Con No panic baby il collettivo belga Leo Gabin, attraverso il montaggio di video provenienti dal web, ha realizzato una sorta di esperimento sociale. Sequenza dopo sequenza il film unisce momenti e circostanze completamente differenti, dando vita a un collage che apre una finestra sulla nuova umanità. Tra un video e l’altro ci viene mostrata una storia tra due giovani, che viaggiano su un’automobile.
Particolarmente interessante è il montaggio di suoni e voci che accompagnano la galleria di tipi umani che popola il film: si alternano la musica, le voci originali dei video inseriti, il silenzio assoluto e soprattutto le voci off. Una in particolare, maschile e calda, dai toni inquietanti, persuade il suo interlocutore, chiedendogli di abbandonarsi alla libertà, di mettere l’ansia da parte e di non entrare nel panico. Il discorso si ripete più volte, generando l’effetto opposto, le parole assumono un significato antitetico, specialmente perché accompagnate da immagini che sembrano non avere alcuna connessione tra loro.
Un aereo vola nel cielo, una casa brucia, una ragazza mostra il suo corpo, un’altra racconta cosa preferisce indossare. Queste le storie del web che singolarmente possono assumere livelli di rilevanza completamente differenti, ma assemblate diventano un concentrato di vita.

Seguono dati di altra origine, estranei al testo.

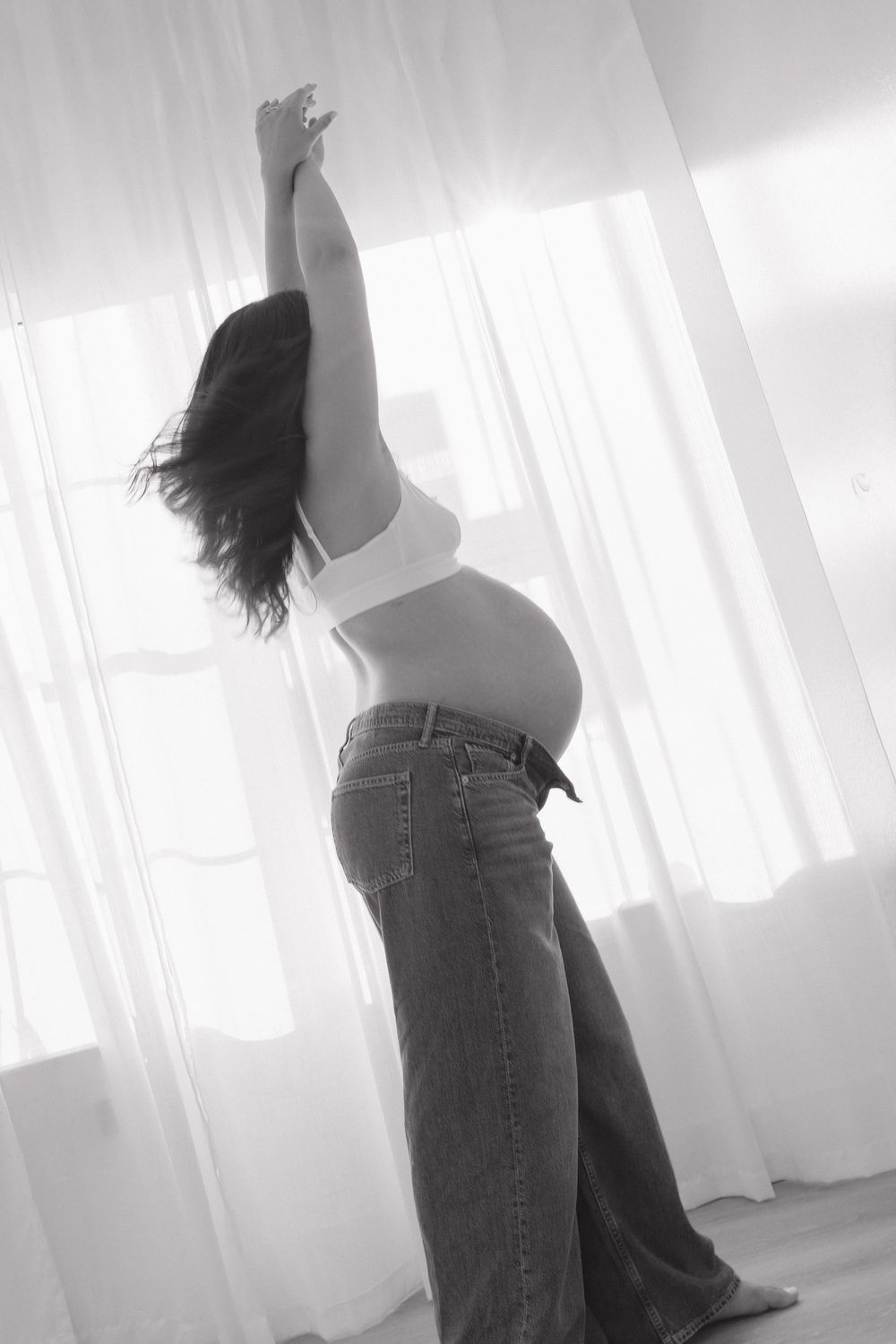 Black and white photo of a pregnant woman in jeans stretching her arms up near sheer white curtains.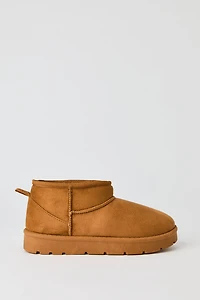 Bottes aux chevilles en similisuède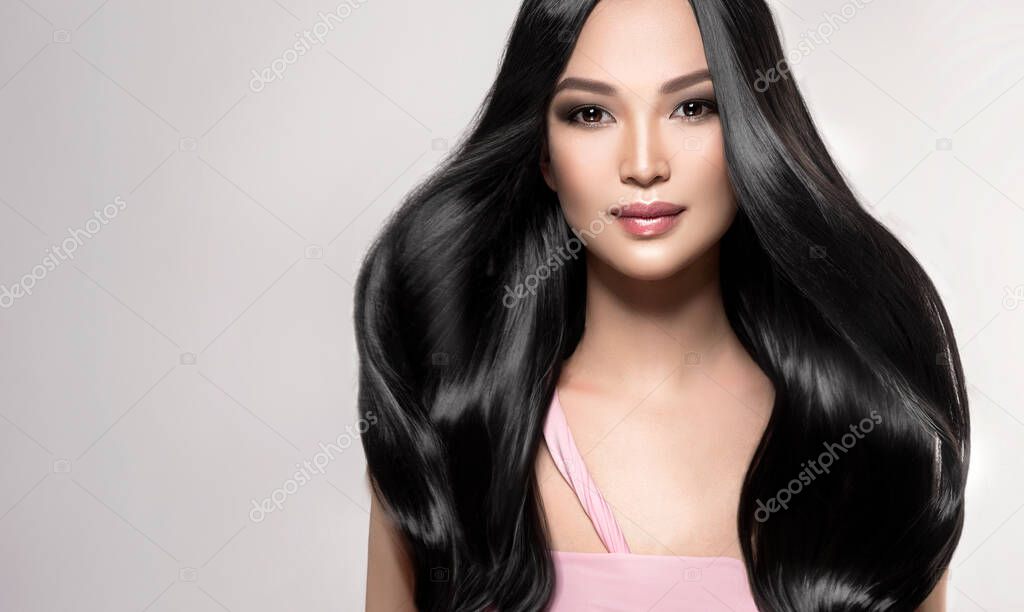 Beautiful asian model girl with shiny black and straight long hair . Keratin straightening . Treatment, care and spa procedures for hair . Chinese girl with smooth hairstyle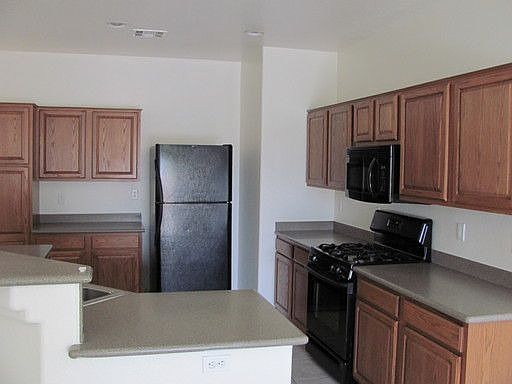 4th image of 9440 Victory Garden Ave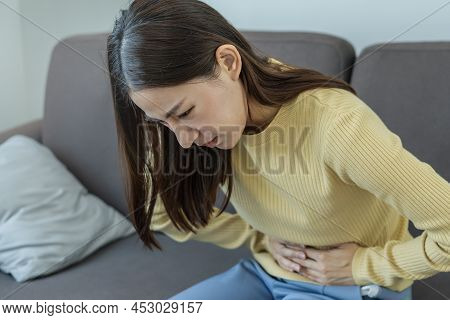 Flatulence Young Asian Woman, Girl Hand In Stomach Ache, Suffer From Food Poisoning, Abdominal Pain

Il film ci mostra in maniera fredda e diretta quanto può divenire fondamentale, nella società di oggi, riprendere qualsiasi cosa, tramutare ogni situazione in un evento.
La scelta delle sequenze montate invita lo spettatore, in modo indiretto, a chiedersi quale sia la verità. Le persone, davanti all’occhio di una fotocamera di un cellulare, hanno la pretesa di mostrare la realtà quotidiana delle loro esistenze, ma si percepisce che le azioni sono mosse unicamente dal desiderio di mostrarsi, di mettere le proprie vite su un piedistallo.
I giovani protagonisti di No panic baby sono annoiati da una vita probabilmente vacua e riempiono il vuoto esistenziale che li circonda giocando con una pistola e fotografandosi. L’arma perde il suo significato di pericolo, per trasformarsi in un accessorio alla moda da mostrare.
Il collettivo Leo Gabin guarda e si interroga sulla contemporaneità: non ha importanza il formato o la qualità del video, questo compendio di notizie, persone, voci e ritratti ci restituisce un mondo che guardiamo da fuori, ma che in realtà ci rappresenta e ci appartiene.
No panic baby comincia con un primo piano di una ragazza che toglie dal viso una maschera, lentamente. Questa immagine è il cuore dell’intero film: il mondo è totalmente spettacolarizzato, e nessuno è se stesso davvero. La maschera della giovane donna è quella di ciascuno di noi: nascondiamo l’anima per mostrare il viso, siamo attratti da un fittizio che cattura la nostra attenzione, producendo emozioni imprevedibili. La verità lascia il posto all’ostentazione.